SUPPLIED MATERIAL:
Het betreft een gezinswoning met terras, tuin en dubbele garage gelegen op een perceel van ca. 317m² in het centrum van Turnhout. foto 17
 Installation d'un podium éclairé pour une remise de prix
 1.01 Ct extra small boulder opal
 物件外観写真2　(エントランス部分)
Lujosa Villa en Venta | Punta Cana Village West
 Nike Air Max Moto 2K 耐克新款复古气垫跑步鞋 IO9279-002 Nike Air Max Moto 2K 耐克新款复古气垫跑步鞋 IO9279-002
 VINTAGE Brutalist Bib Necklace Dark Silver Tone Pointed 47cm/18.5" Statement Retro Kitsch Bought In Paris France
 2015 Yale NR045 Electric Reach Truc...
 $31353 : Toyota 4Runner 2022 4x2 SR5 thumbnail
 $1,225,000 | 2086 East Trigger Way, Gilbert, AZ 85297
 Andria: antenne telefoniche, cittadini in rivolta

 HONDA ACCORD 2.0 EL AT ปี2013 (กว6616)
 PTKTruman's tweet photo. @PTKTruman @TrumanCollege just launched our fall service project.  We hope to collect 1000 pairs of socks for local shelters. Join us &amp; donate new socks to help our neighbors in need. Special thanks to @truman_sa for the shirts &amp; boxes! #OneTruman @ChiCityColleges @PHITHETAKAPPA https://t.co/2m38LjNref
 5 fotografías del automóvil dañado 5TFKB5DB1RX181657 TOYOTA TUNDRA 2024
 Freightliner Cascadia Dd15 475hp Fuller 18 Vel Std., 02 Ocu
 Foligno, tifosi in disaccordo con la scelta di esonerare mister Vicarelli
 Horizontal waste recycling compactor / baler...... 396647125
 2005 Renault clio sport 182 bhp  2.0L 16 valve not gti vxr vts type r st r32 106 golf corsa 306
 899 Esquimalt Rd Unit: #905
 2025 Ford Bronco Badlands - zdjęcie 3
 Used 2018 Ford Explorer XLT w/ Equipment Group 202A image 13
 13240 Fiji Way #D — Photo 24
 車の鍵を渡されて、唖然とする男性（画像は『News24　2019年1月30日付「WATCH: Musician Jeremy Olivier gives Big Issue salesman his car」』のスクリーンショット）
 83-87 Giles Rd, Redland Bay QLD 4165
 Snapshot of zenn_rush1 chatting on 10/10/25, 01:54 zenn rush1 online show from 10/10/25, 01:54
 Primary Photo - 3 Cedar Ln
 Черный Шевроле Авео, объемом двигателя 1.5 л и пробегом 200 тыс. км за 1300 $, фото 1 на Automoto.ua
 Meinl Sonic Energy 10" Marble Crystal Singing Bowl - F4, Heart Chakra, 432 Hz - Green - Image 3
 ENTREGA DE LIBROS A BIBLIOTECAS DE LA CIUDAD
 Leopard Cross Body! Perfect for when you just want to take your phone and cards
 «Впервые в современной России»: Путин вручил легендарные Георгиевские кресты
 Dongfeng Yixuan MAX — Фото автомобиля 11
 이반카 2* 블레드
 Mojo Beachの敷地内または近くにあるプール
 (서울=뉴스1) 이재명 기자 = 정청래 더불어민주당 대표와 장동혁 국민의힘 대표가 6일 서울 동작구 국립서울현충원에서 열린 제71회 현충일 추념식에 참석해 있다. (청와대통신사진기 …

WHAT NEEDS TO BE DONE: Exactly one number is the expected answer: the count of lines in the entries where the word "Ford" is found.

ANSWER SECTION: 2